Monday, February 14, 2011

St. Anne Melkite Greek Catholic Church

Today's mosaic comes from North Hollywood. I think...maybe it's Studio city. Anyway,
St. Anne Melkite Greek Catholic Church on Moorpark St. inaugurated its current church and hall in 1965. These archways--with many mosaics, all depicting scenes from the Bible--stand outside the church, surrounding it almost like a moat.

I hear there's a three year waiting list to have a marriage ceremony there, and I suspect it's not just because the church is beautiful.

I've been to a wedding there--the couple lived forty miles away, but St. Anne was the only Melkite Greek Catholic Church around. I just checked, and it's still the only Melkite Greek Catholic Church with its own building in Los Angeles County. (There is a Melkite Greek Catholic community that meets at a Russian-Greek Church in El Segundo.)

I have yet to see or hear a coherent explanation of the differences between these particular churches. Anyone who does understand usually cares passionately about canonical law and tradition and all the things that complicate the explanation.
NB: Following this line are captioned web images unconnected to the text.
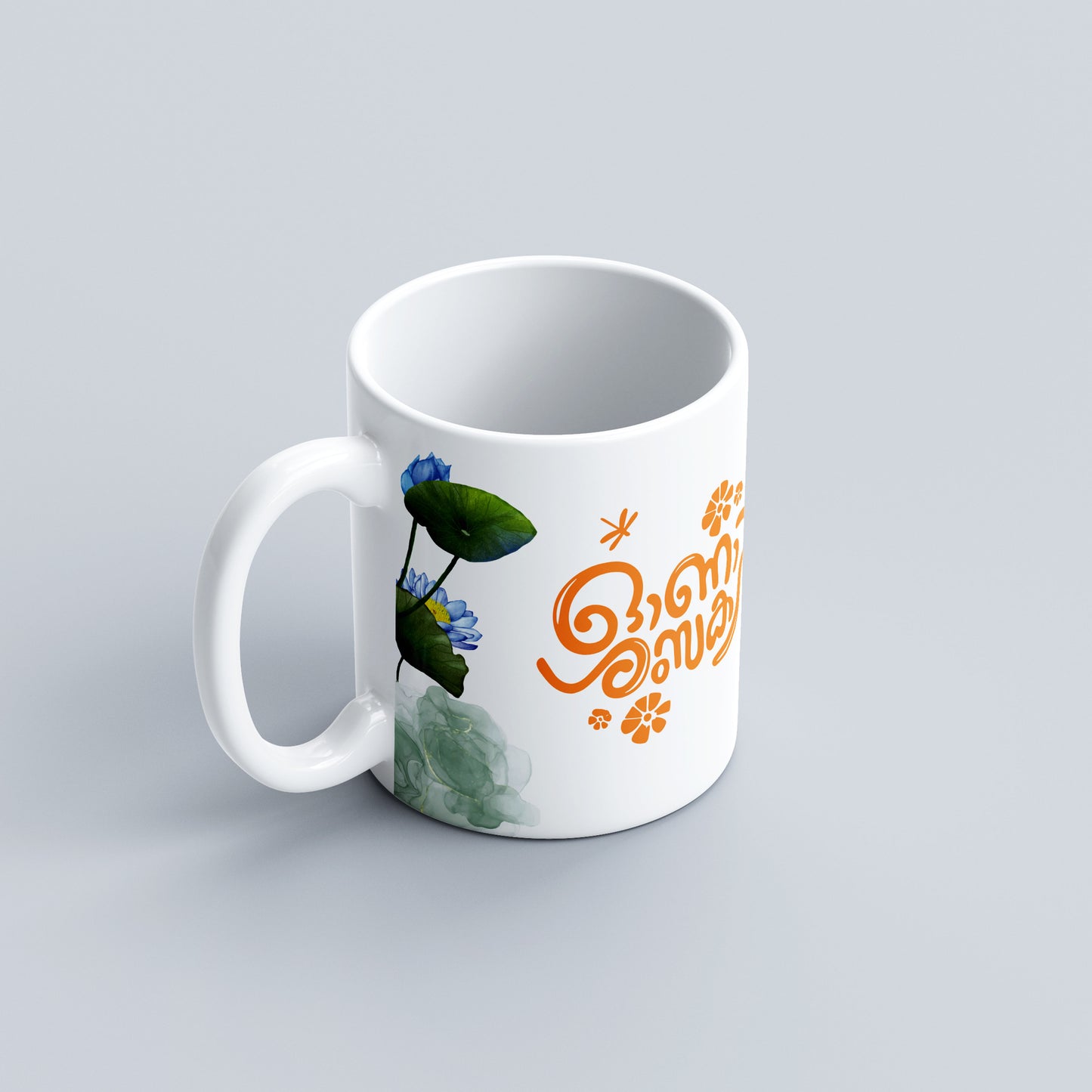 "Close-up of Handle on Water Lily - 'Onashamsakal' Ceramic Mug | Comfortable Grip and Elegant Finish"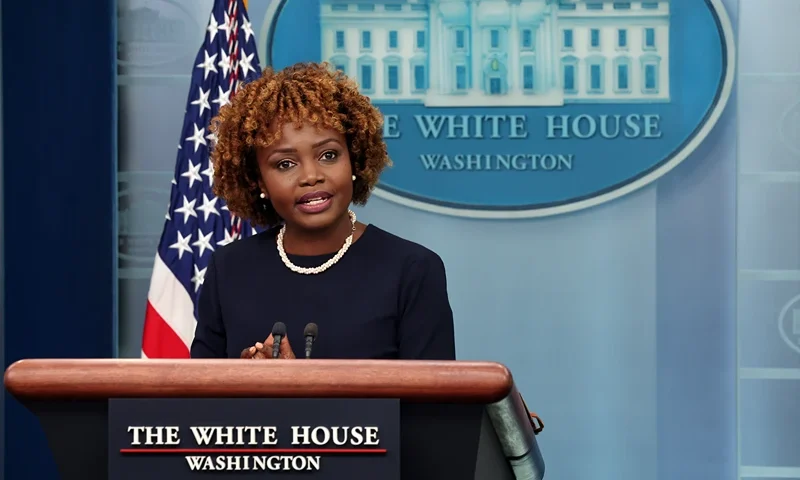 WASHINGTON, DC - JULY 17: White House Press Secretary Karine Jean-Pierre speaks at the daily news briefing at the White House on July 17, 2023 in Washington, DC. Jean-Pierre spoke on news that Russia has refused to extend a U.N-backed deal that permitted Ukraine to continue to export grain and other food during the ongoing war. (Photo by Kevin Dietsch/Getty Images)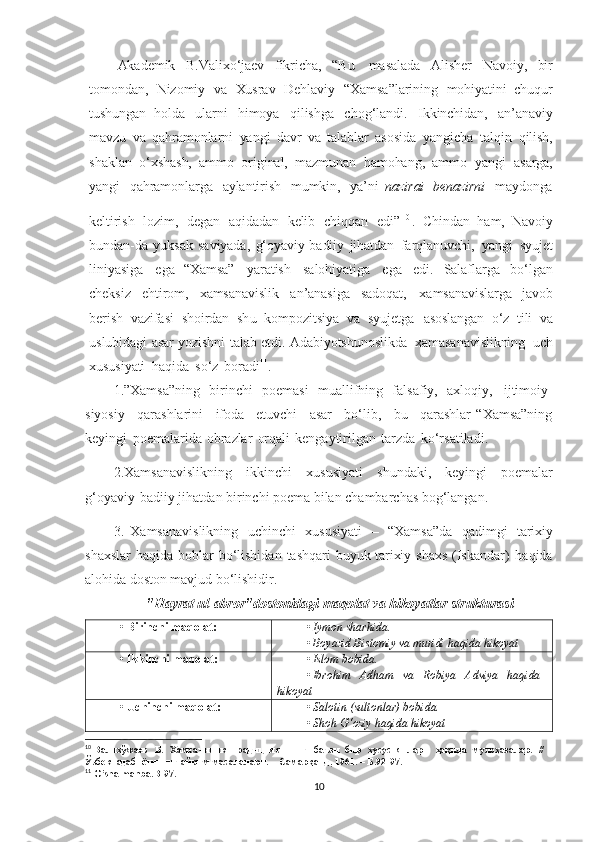 Akademik   B.Valixo‘jaev   fikricha,   “Bu   masalada   Alisher   Navoiy,   bir
tomondan,   Nizomiy   va   Xusrav   Dehlaviy   “Xamsa”larining   mohiyatini   chuqur
tushungan   holda   ularni   himoya   qilishga   chog‘landi.   Ikkinchidan,   an’anaviy
mavzu   va   qahramonlarni   yangi   davr   va   talablar   asosida   yangicha   talqin   qilish,
shaklan   o‘xshash,   ammo   original,   mazmunan   hamohang,   ammo   yangi   asarga,
yangi   qahramonlarga   aylantirish   mumkin,   ya’ni   nazirai   benazirni   maydonga
keltirish   lozim,   degan   aqidadan   kelib   chiqqan   edi” 1 0
.  
Chindan   ham,   Navoiy
bundan-da   yuksak   saviyada,   g‘oyaviy-badiiy   jihatdan   farqlanuvchi,   yangi   syujet
liniyasiga   ega   “Xamsa”   yaratish   salohiyatiga   ega   edi.   Salaflarga   bo‘lgan
cheksiz   ehtirom,   xamsanavislik   an’anasiga   sadoqat,   xamsanavislarga   javob
berish   vazifasi   shoirdan   shu   kompozitsiya   va   syujetga   asoslangan   o‘z   tili   va
uslubidagi   asar   yozishni   talab   etdi. Adabiyotshunoslikda   xamasanavislikning   uch
xususiyati   haqida   so‘z   boradi 11
.
1. ”Xamsa”ning   birinchi   poemasi   muallifning   falsafiy,   axloqiy,   ijtimoiy-
siyosiy     qarashlarini     ifoda     etuvchi     asar     bo‘lib,     bu     qarashlar   “Xamsa”ning
keyingi   poemalarida   obrazlar   orqali   kengaytirilgan   tarzda   ko‘rsatiladi.
2.Xamsanavislikning   ikkinchi   xususiyati   shundaki,   keyingi   poemalar
g‘oyaviy-badiiy   jihatdan  birinchi   poema   bilan   chambarchas bog‘langan.
3.   Xamsanavislikning   uchinchi   xususiyati   –   “Xamsa”da   qadimgi   tarixiy
shaxslar   haqida   boblar   bo‘lishidan   tashqari   buyuk   tarixiy   shaxs   (Iskandar)   haqida
alohida  doston  mavjud bo‘lishidir.
"Hayrat ul-abror"dostonidagi maqolat va hikoyatlar strukturasi
• Birinchi maqolat: • Iymon sharhida. 
• Boyazid Bistomiy va muridi haqida hikoyat
• Ikkinchi maqolat: • Islom bobida. 
• Ibrohim   Adham   va   Robiya   Adviya   haqida
hikoyat
• Uchinchi maqolat: • Salotin (sultonlar) bobida.
• Shoh G‘oziy haqida hikoyat
10
  Валихўжаев     Б .    Хамсачилик     традициясининг     баъзи     бир     хусусиятлари     ҳақида     мулоҳазалар .    //  
Ўзбек  адабиётининг   айрим   масалалари .   –   Самарқанд ,   1961.   –   Б .92-97.
11
 O’sha manba.B-97.
10 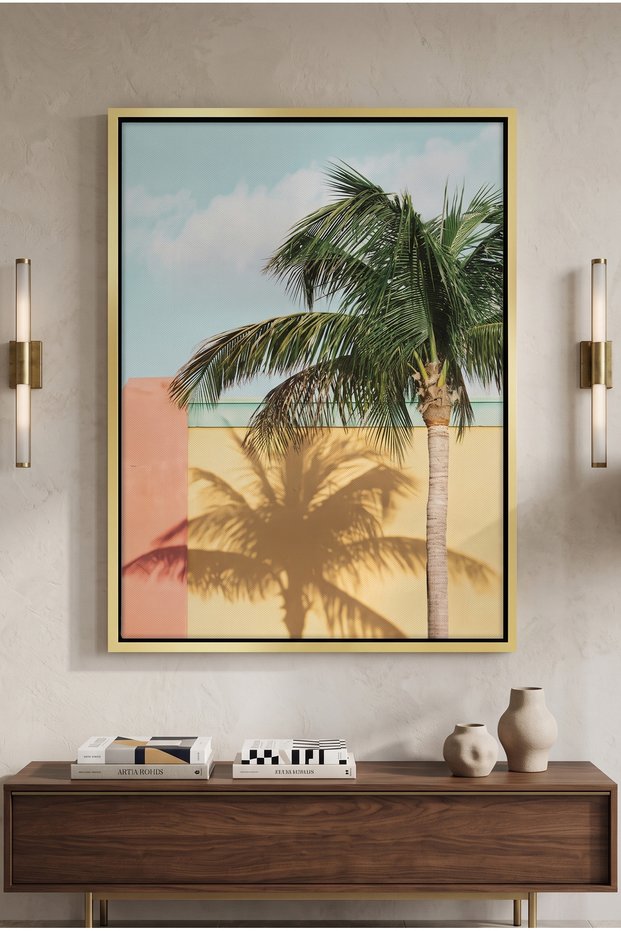 Retro Palm Tree Nature Wall Art | Portrait Framed Canvas Print | Luxury Modern Botanical Decor for Living Room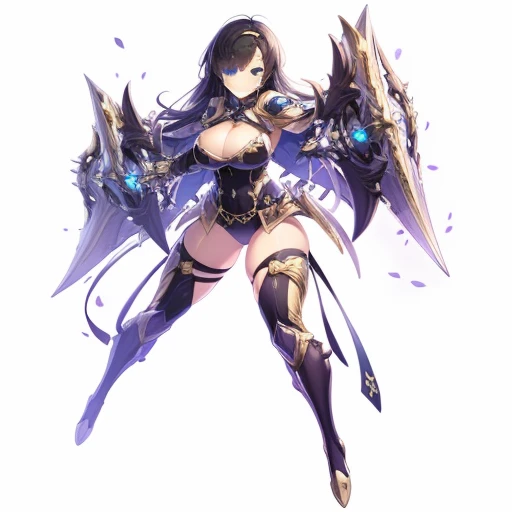 (((Best Quality))) , ((full body)), female, reference sheet, solo, (white background), holding weapon, white cloak, gauntlets, holding shield, leotard,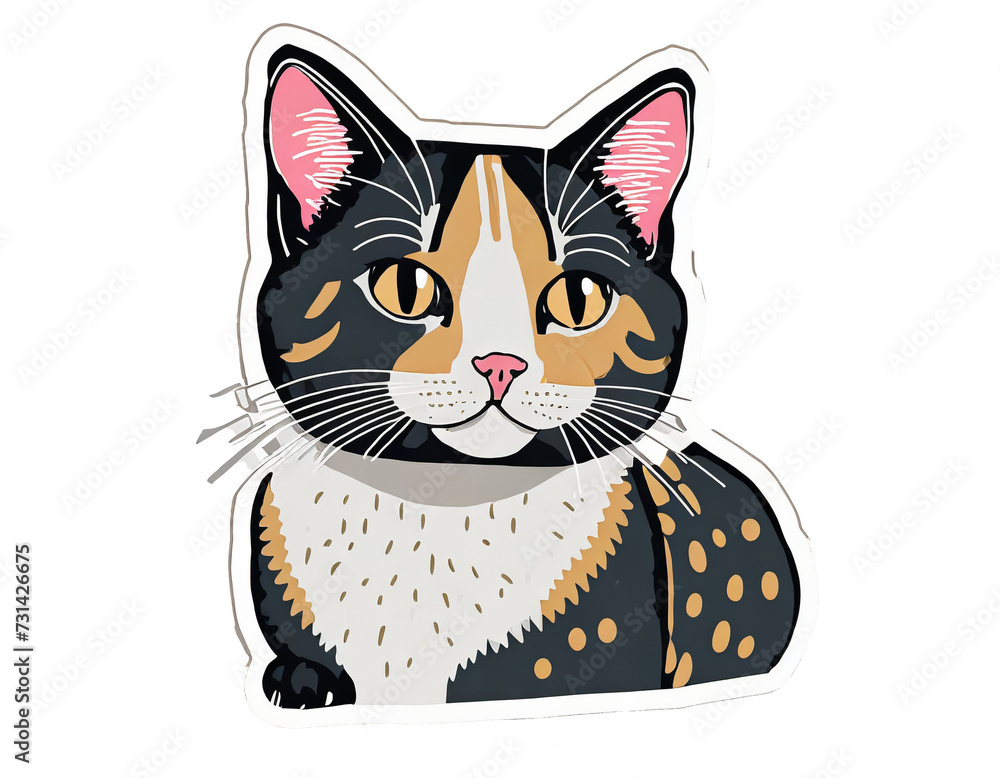 Cut cat sticker, cartoon style. and the most popular cats Cut cat sticker, cartoon style. and the most popular cats
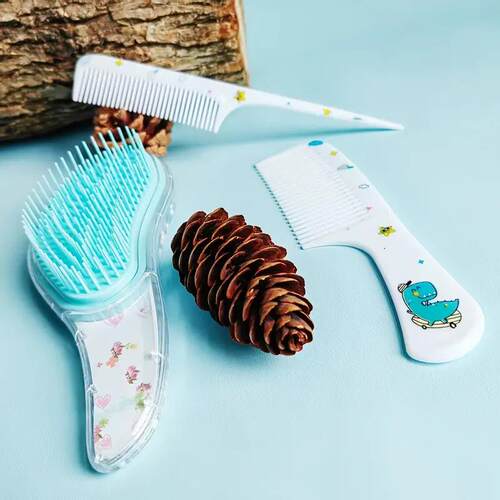 3Pcs Cartoon Comb Set Wet and Dry Dual-useHair Styling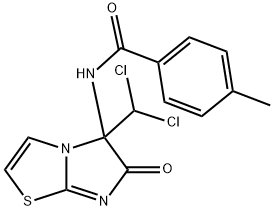 N-[5-(dichloromethyl)-6-oxoimidazo[2,1-b][1,3]thiazol-5-yl]-4-methylbenzamide Structural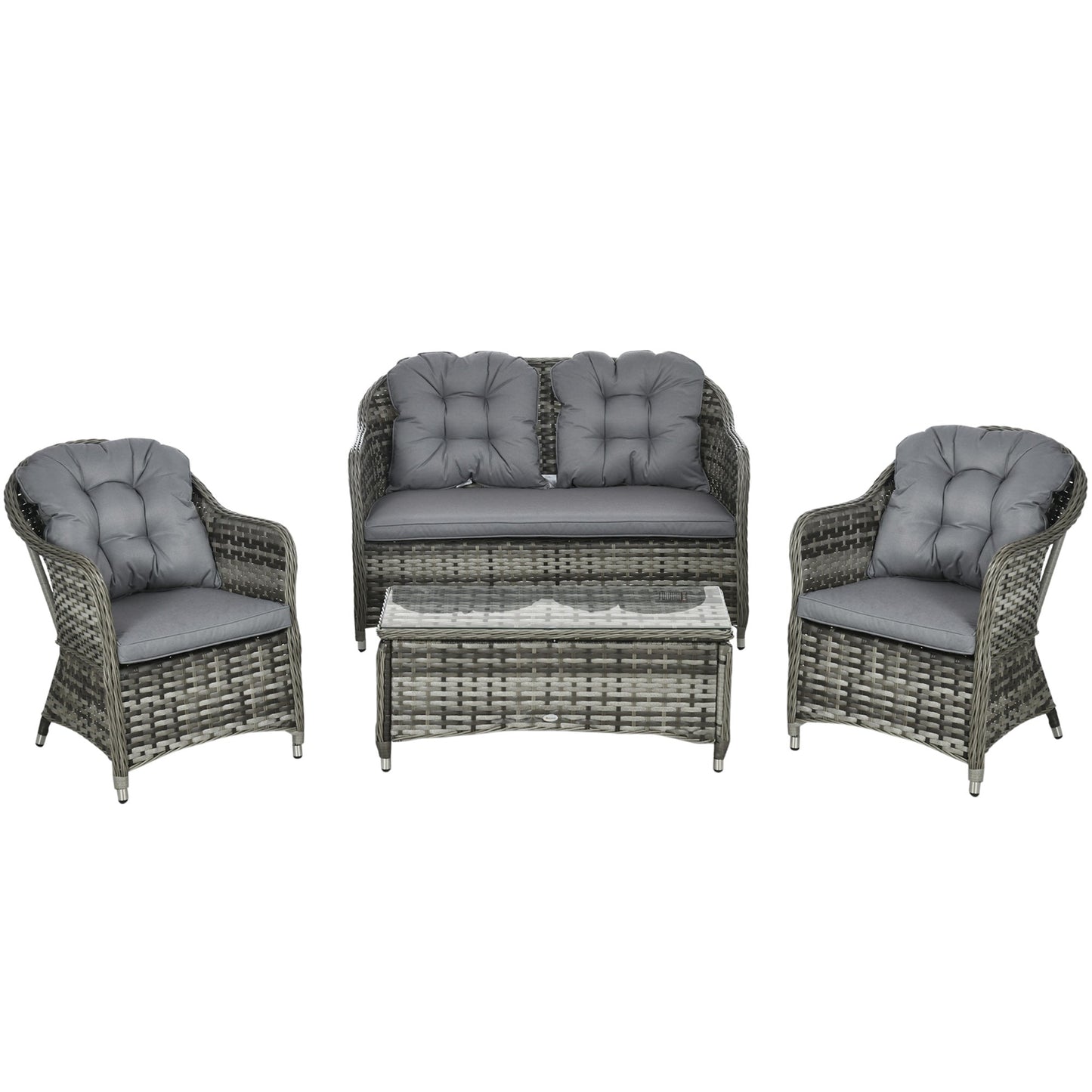 4 Pieces Outdoor PE Rattan Garden Furniture with Cushions, Patio Special Hand Weave Wicker Conservatory Sofa Set with Glass Top Coffee Table, Mixed Grey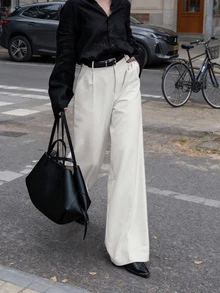 SMILE CHIC 2026春夏新款女士灰白褶皱宽松直筒裤，显瘦拉长，适合休闲、工作、通勤等场合。 - 灰色 - 查看 2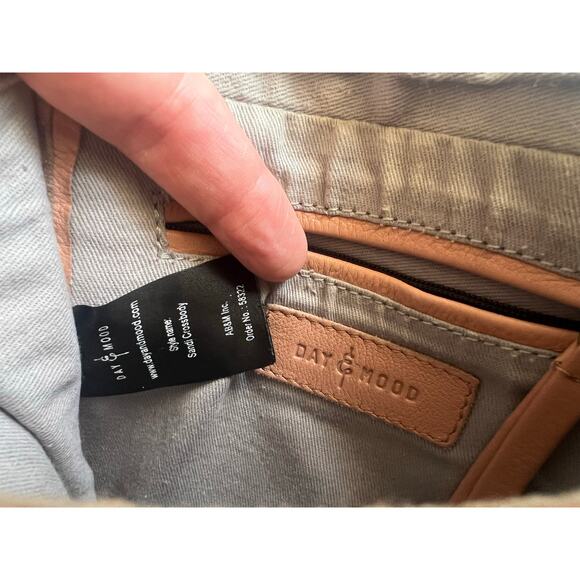 Small Day & Mood "Tribal-Like" Embossed Leather Crossbody Saddle Bag - Picture 3 of 12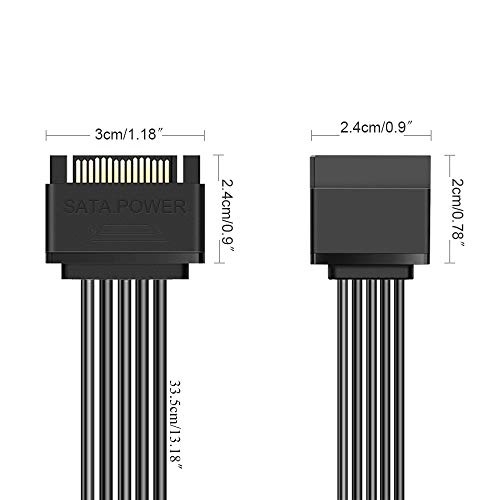 15 Pin SATA Power Extension Cable, Dayree 3pcs 13" Male to Female Extender Cable Cord Adapter for HDD, SSD, Optical Drives, DVD Burners, PCI Cards and Hard Drive Disk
The levels of relationships between the Greek and Roman, Melkite, Coptic, Syriac, etc, etc, are-- if you'll pardon the pun--positively Byzantine.

But the mosaics are purty.


Rittmeister said...

A completely accurate and "coherent explanation of the differences between these particular churches" would take volumes. A short-but-sweet version would be:
The Catholic Church is actually a collection of multiple churches: 23 with a separate history. The Roman Catholic Church is largest (98% of all Catholics). The Melkite Catholic Church is a smaller one that developed originally in the Middle East. Their worship and traditions developed under the influence of the Church in Constantinople (Byzantine Empire), so the Melkites are very similar to the Eastern Orthodox - but they are part of the Catholics and historically they are of Arabic ancestry. See WWW.Melkite.Org for more details.

Vix said...

Thank you for the short-but-sweet version!
I was confused by the references to "communion" with the Roman Catholic Church; I'm sure that word has a very exact meaning but don't know what it is.
So the Melkite Catholic Church is just as catholic as the Roman branch, right?

linda dalal sawaya said...

delighted that i came across your post about this church, as my great uncle, Fr. Gerasimos Sawaya, founded this church in 1909 in Los Angeles.

my very first post on my cookbook blog (november 2009) has a reference to the celebration of the 100th anniversary of st. anne's melkite church in los angeles with a photo of fr. sawaya! my cousins and aunt and i attended the celebration banquet dinner and donated 400+ complimentary copies of the cookbook to church members in honor of my great uncle, mother, alice, and father, elias.

my cookbook: alice's kitchen: traditional lebanese cooking (named for my mother, alice) has more historical information about fr. sawaya and the church as well as photos of the original church location in los angeles. also other historical info and photos about the lebanese/syrian community in LA.

another post on my art blog in jan. 2010, has photos of my father and his brother's former wholesale dry goods store at 645 S. Los Angeles Street, and the building still intact as a fabric store, right around the corner from Coles' French Dip where my father used to take us for special lunches in the 1950s, when it was quite the lively place! the one thing missing from my dad's store were the interior ladders that slid across the face of the shelves that reached to the ceiling, which my sister, vivian, and i used to of course slide on the length of the store!

another missing element is the HUGE lettering on the side of the building SAWAYA BROS. WHOLESALE DRY GOODS...since there is now other building oon both sides where there used to be parking lots.

my art blog address with this posting is

thanks so much for enriching our knowledge of the history of los angeles, my home town!

with warm regards and fond memories,
linda dalal sawaya

Vix said...

Thank you so much for filling in some of the history. I love the picture of your uncle on your first blog post (, then use the right column to go back to Nov. 2009).
When I get down to Cole's I will look for the dry goods store (now a Persian-owned fabric store).